School Stabbings, Malaysian Planes, Washington Mudslides, and God

School Stabbings, Malaysian Planes, Washington Mudslides, and God

A community is trying to make sense today of a student’s vicious stabbing rampage in a Pennsylvania high school’s hallways yesterday morning.

The people of Malaysia are hoping that a faint ping from the Indian Ocean will locate their missing loved ones who boarded a plane on March 8.

A mudslide recently in Washington mudslide brought swift death and destruction on a calm day.

The people of New Orleans can tell you stories about the destructive power of water. A raging hurricane named Katrina collapsed dams, washed away levies, and overran sandbags. Every hedge of protection set up against the tide was futile.
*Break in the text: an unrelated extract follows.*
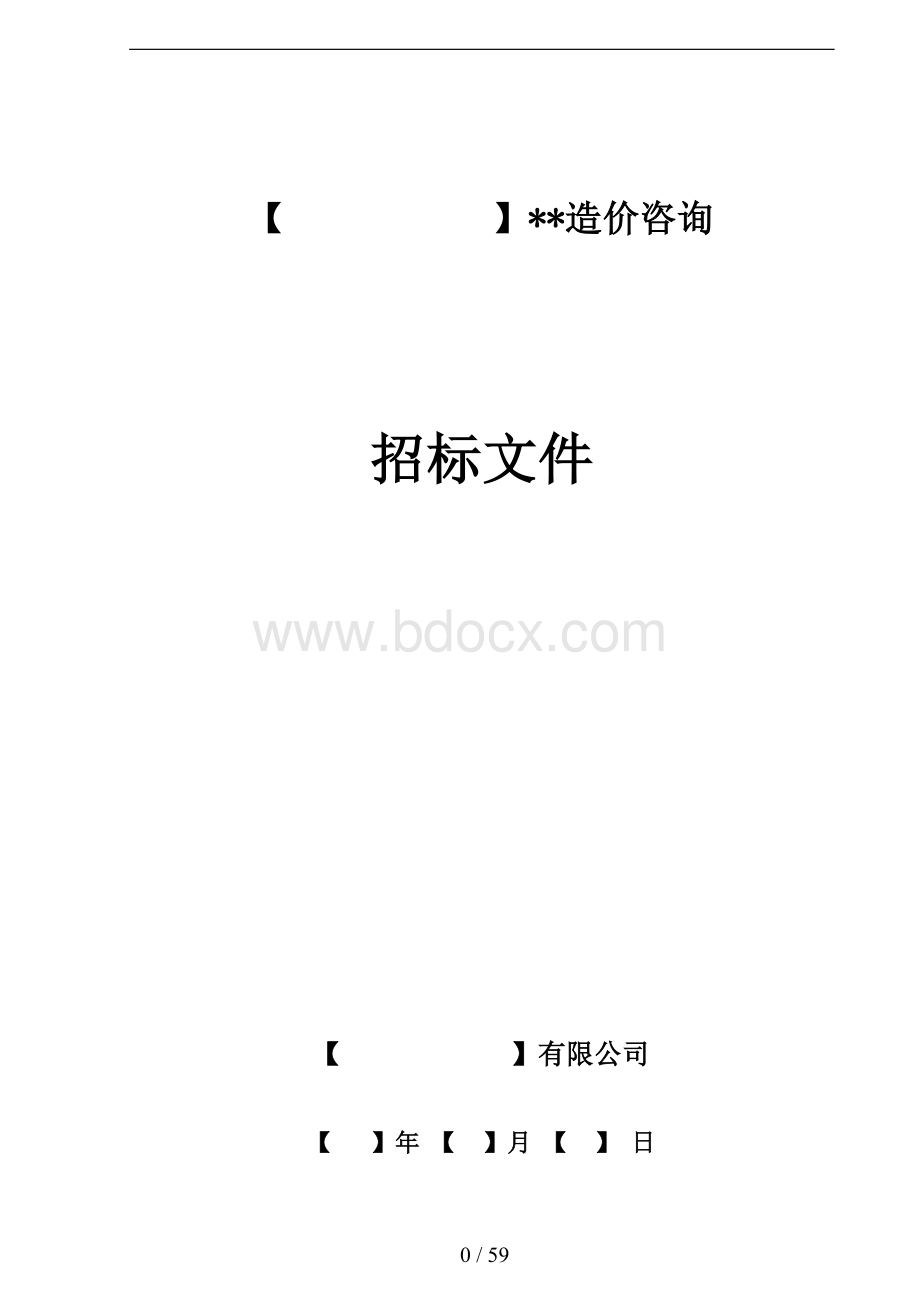 造价咨询招标文件样板Word格式文档下载.doc_第1页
It took everything in its path and sent wise people in search of higher ground.

What do we do when the hedge of protection that separates us from disaster is removed? And is there even a hedge? We are confronted with a 24-hour news cycle that keeps announcing bad things happening to seemingly good people. How do Christians speak of God in these moments?

Job’s Story

A good starting place might be the story of Job. You might say that his plane went down, a mudslide hit him, and a hurricane came crashing in. According to the story, it was God who moved the hedge and let it happen. But that is not the end of the story.

The story begins with God bragging about Job—upright, blameless, devout, greatest man among the people of the East, a righteous man with a fully devoted heart, and a man of integrity. This is Billy Graham, Mother Teresa, and Saint Francis of Assisi all rolled into one holy man. This is not just a nice guy; this is the most righteous man on all the earth. And God is the one saying all these good things about him.

God said to Satan, ‘Have you noticed my friend Job?
There’s no one quite like him—
honest and true to his word, totally devoted to God and hating evil.’

Satan retorted,
‘So do you think Job does all that out of the sheer goodness of his heart?
Why, no one ever had it so good!
You pamper him like a pet, make sure nothing bad ever happens to him
or his family or his possessions, bless everything he does—he can’t lose!
But what do you think would happen
if you reached down and took away everything that is his?
He’d curse you right to your face, that’s what.’

God replied,
‘We’ll see. Go ahead—do what you want with all that is his.
Just don’t hurt him.’
Then Satan left the presence of God.
(Job 1:8-12, The Message)

God accepts Satan’s challenge. I’m not sure I’d want God betting on me. But God believes Job’s righteousness is deeper than trinkets and treasures. God decides to give Job the terrible dignity of proving that his integrity runs deeper than what he gets from God.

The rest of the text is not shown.